Majed Naser Humaid Bakheit (ماجد ناصر حميد بخيت; born 1 April 1984) is an Emirati footballer who plays as a goalkeeper for Al-Hamriyah. He was called to United Arab Emirates national football team at 2007 and 2011 and 2015 AFC Asian Cups.

==Early life==
Majed Naser was born in Fujairah, UAE.

==Controversies==
He has a reputation of being short-tempered which caused him to have a history of on-pitch assault that often exposes him to lengthy suspensions.
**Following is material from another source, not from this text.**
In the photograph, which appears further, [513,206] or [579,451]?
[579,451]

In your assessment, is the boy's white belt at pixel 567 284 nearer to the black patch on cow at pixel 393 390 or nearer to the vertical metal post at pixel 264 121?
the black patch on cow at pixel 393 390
Among them: In 2001, while playing for the youth team of Fujairah SC, he was sentenced to a one-year suspension and a fine of 6,000 dirhams for verbally and physically assaulting the referee, and throwing a rock at the assistant referee during his team's Cup Match against Al Shabab Club. In 2007, In the season's first League Match against Al Jazira Club, Majed assaulted the assistant referee, Saeed Al Hoti. He was then sentenced to a 13-match ban and a 10,000 dirhams fine. It was reduced later by the Appeal Committee to 5 matches only. In 2011, a single match ban and 1,000 dirhams fine were imposed on Majed Naser for throwing one of the chairs scattered around the pitch during a League match against Al Wahda FC. In 2012, Majed received a 17-match ban and was fined 30,000 dirhams after slapping Ahli Dubai's coach Quique Flores after the semi-final of the Etisalat Cup. Majed announced his retirement of football following the ban sentence, but has changed his mind later. In 2012, Majed had been suspended by his club for the entire 2012–13 season following a red card for butting an opponent in a defeat by Al Muharraq SC.